Marcelina Noriega, one of the organization's leaders, spoke of the way farmers have been encouraged to cut down the forest to show that the land is being used. Indeed, there is still a law on the books that says if a piece of land is not being cultivated, someone else can take it over to do so.

"We are trying to change the way we work to take care of the land and respect nature," she said. At the same time, the group is working with producers to help them market their products. "We are good producers, but we are not great businesspeople, and that's not our fault."

A tour of the pastoral center's organic farm provided Web of Life participants a chance to learn about sustainable farming in the tropics, which is filled with challenges. But under the guidance of Amparo Arauz, the center's farm coordinator, it produces food for the center and sells some products, like baby piglets, goat milk, rich composted humus (soil) and bananas.

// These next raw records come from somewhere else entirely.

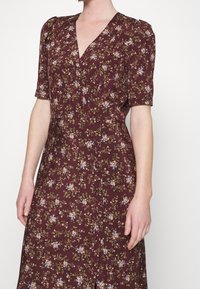 Femme portant une robe bordeaux à fleurs avec des manches courtes bouffantes et un décolleté en V, ornée de petites fleurs bleues, blanches et pêche.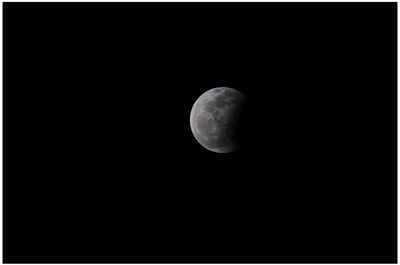 Low angle view of moon against clear sky at night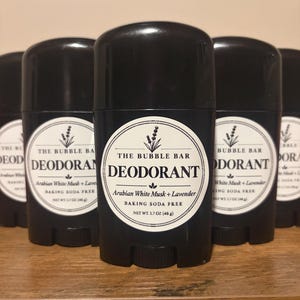 May include: A black plastic deodorant stick container with a white circular label. The label features the text THE BUBBLE BAR DEODORANT, Arabian White Musk + Lavender, BAKING SODA FREE, and NET WT. 1.7 OZ (48 g) along with a small lavender illustration.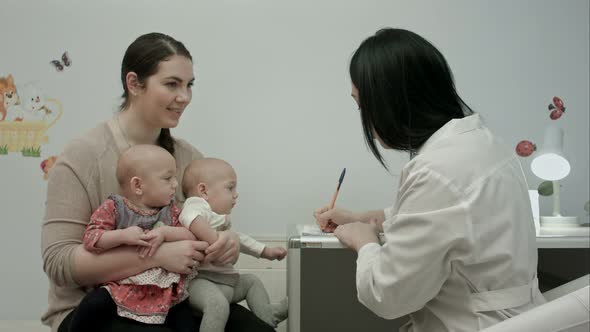 Cute Newborn Twins Being Examine By Pediatrician with Toy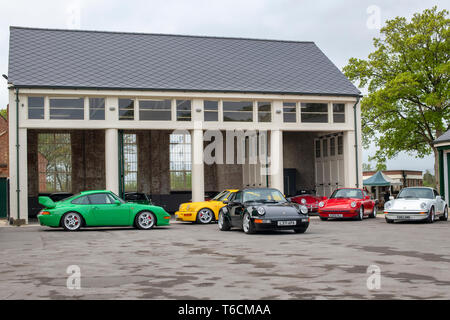 Porsche Autos vor einer Garage im Bicester Heritage Center Drive es Tag. Bicester, Oxfordshire, England Stockfoto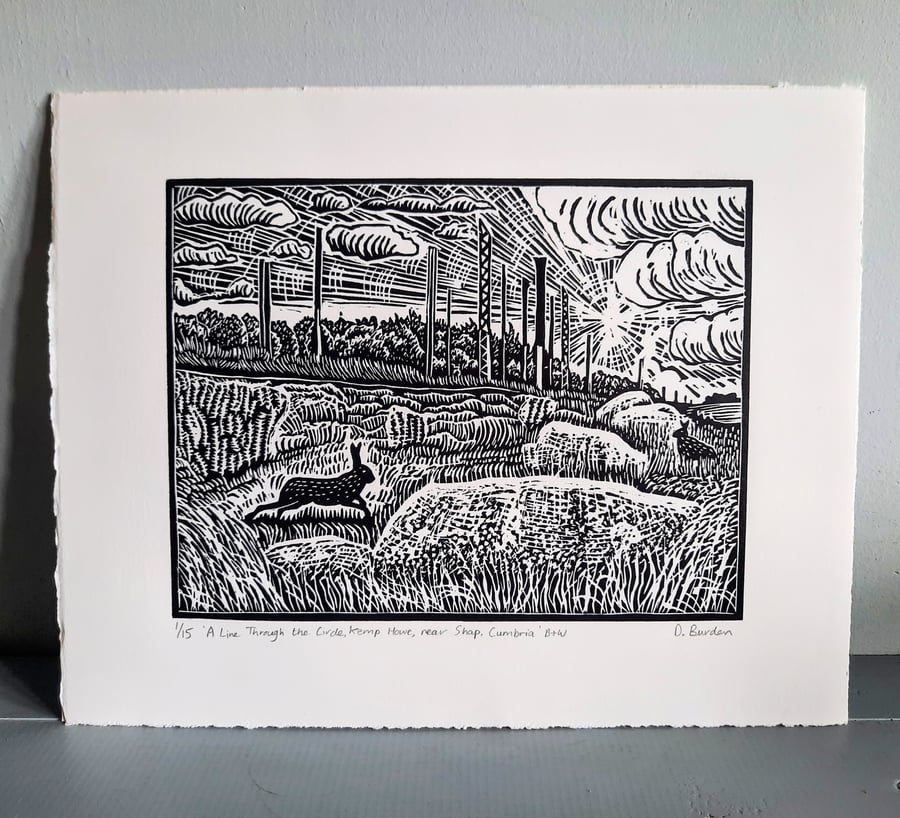 Limited edition handprinted linoprint of hares amongst ancient boulders 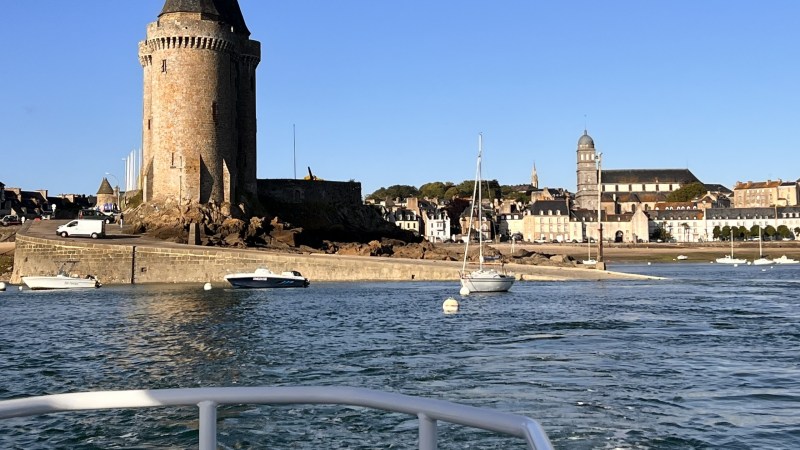 View of a historic tower and buildings by water, with boats and clear sky.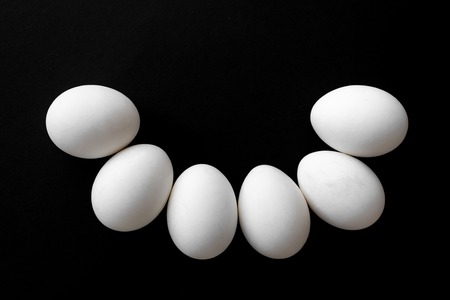 six white chicken eggs beside on a wooden background. Easter concept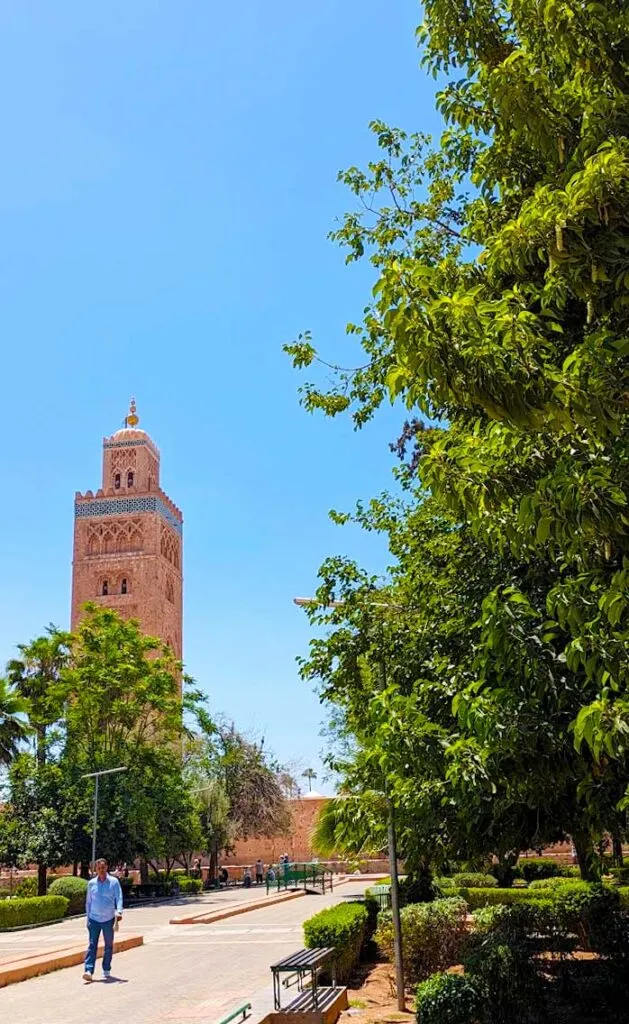 the view of the koutoubia tower rising in the sky from the koutoubia gardens. On the right side, is a tall tree that cuts off by the top of the image. There's a pathway leading to the koutoubia grounds, a solo man is walking in the middle.  But you can see more people walking closer to the koutoubia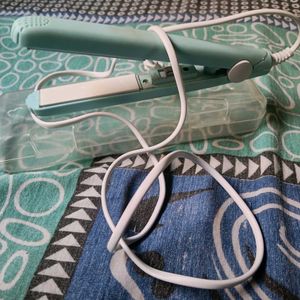 A New MINI HAIR STRAIGHTENER FOR SALE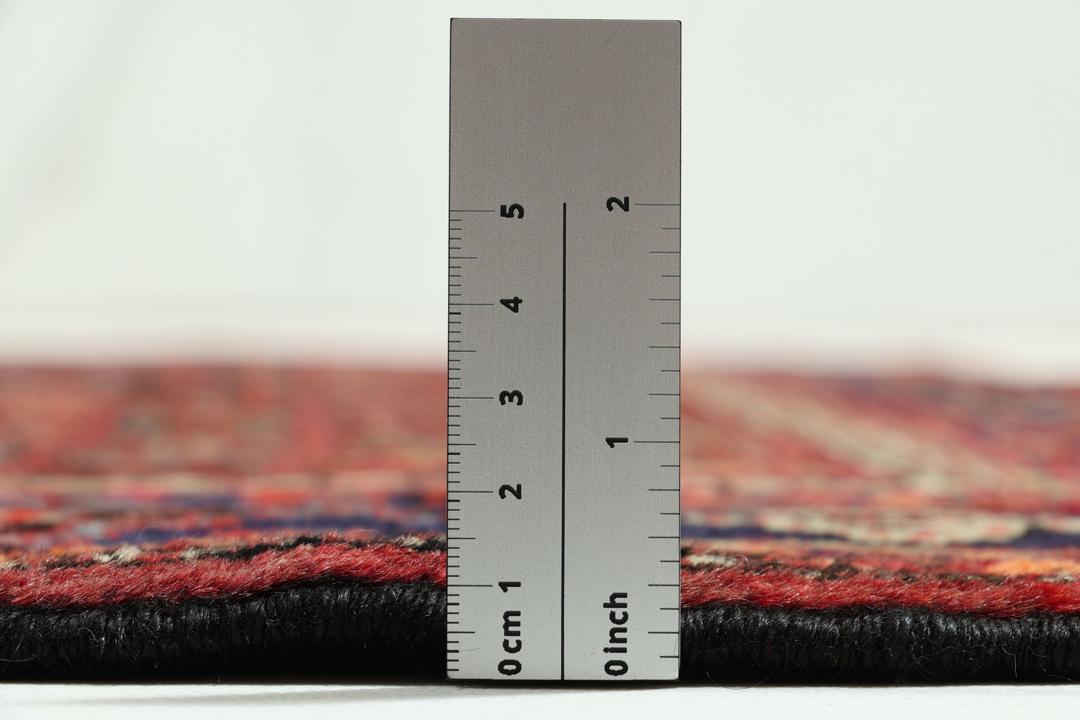 Hand-knotted Hamadan rug from the Middle East in dark-red and dark-blue tones.
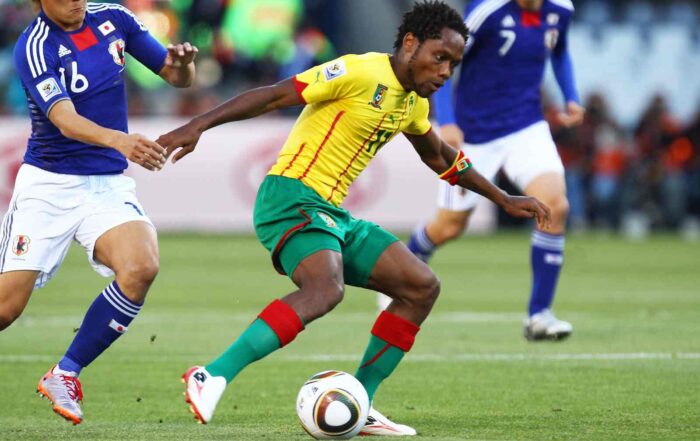 BLOEMFONTEIN, SOUTH AFRICA - JUNE 14: Yoshito Okubo of Japan pressures Jean Makoun of Cameroon during the 2010 FIFA World Cup South Africa Group E match between Japan and Cameroon at the Free State Stadium on June 14, 2010 in Mangaung/Bloemfontein, South Africa.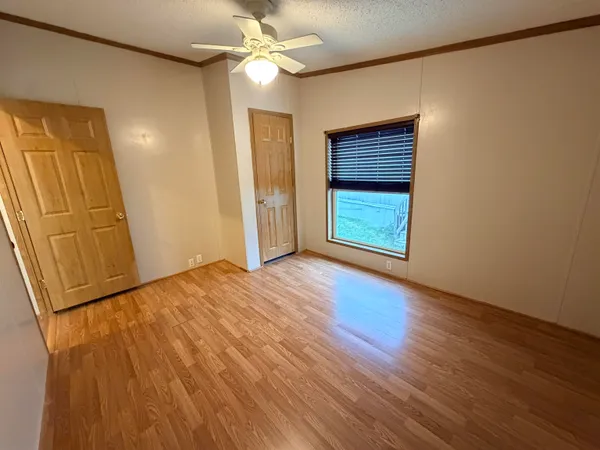 a view of an empty room with a window and wooden floor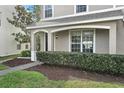 Inviting front entrance to home featuring decorative shrubs and covered porch at 8850 Christie Dr, Largo, FL 33771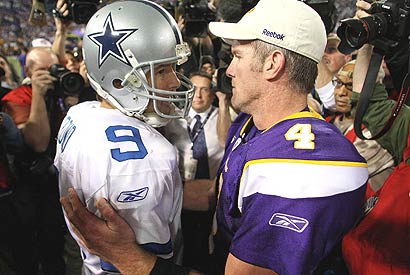 Brett Favre (right) consoles Cowboys quarterback Tony Romo after the Vikings ended Dallas' season in the divisional playoff round.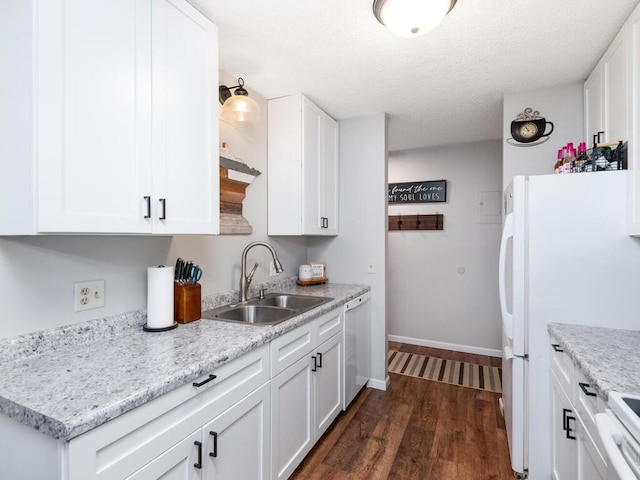 4001 Heritage Hills Dr Unit 105, Bloomington, MN 55437 - kitchen featuring white cabinets, a sink, dark wood-style flooring, freestanding refrigerator, and dishwasher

The farm is small but filled with activity and diverse plant life. The group made its way through the terrain, observing three pigs and a brood of piglets, three cattle and a baby calf, 10 goats with kids on the way, ducklings, chickens, and a wide variety of tree and plant crops.

Arauz talked about the need to pay close attention to the phase of the moon and the tides in planting banana trees, then showed us the rice and corn fields, where the time of year is more important for planting than the time of the month.

Later, in the nightly circle of reflections, Maryknoll Sr. Ann Braudis commented on Arauz's wisdom and knowledge of natural cycles and called it a clear example of "Earth literacy."

"I'm glad you mentioned that," Maryknoll Sr. Melinda Roper said. Arauz, as it turns out, is not literate, but his ability to read the Earth and its cycles is profound.

Clara Meza reflected on Moreno's presentation and its implications for our way of life.

"It makes me think of what hypocrites we are as humans," she said. "We fight the jaguar because it kills cattle, but we ourselves kill the cattle. And now that we see the jaguar in danger of extinction, we rush to save the jaguar. We are eliminating their habitat, and so the poor things have to go raid the ranches. As long as we continue to eat meat and live the way that we do, this will happen. The point seems to be in finding a way to live together, without waiting until the last moment to save the ones who are in danger."

[Tracy L. Barnett is an independent writer, editor and photographer specializing in environmental issues, indigenous rights and sustainable travel.]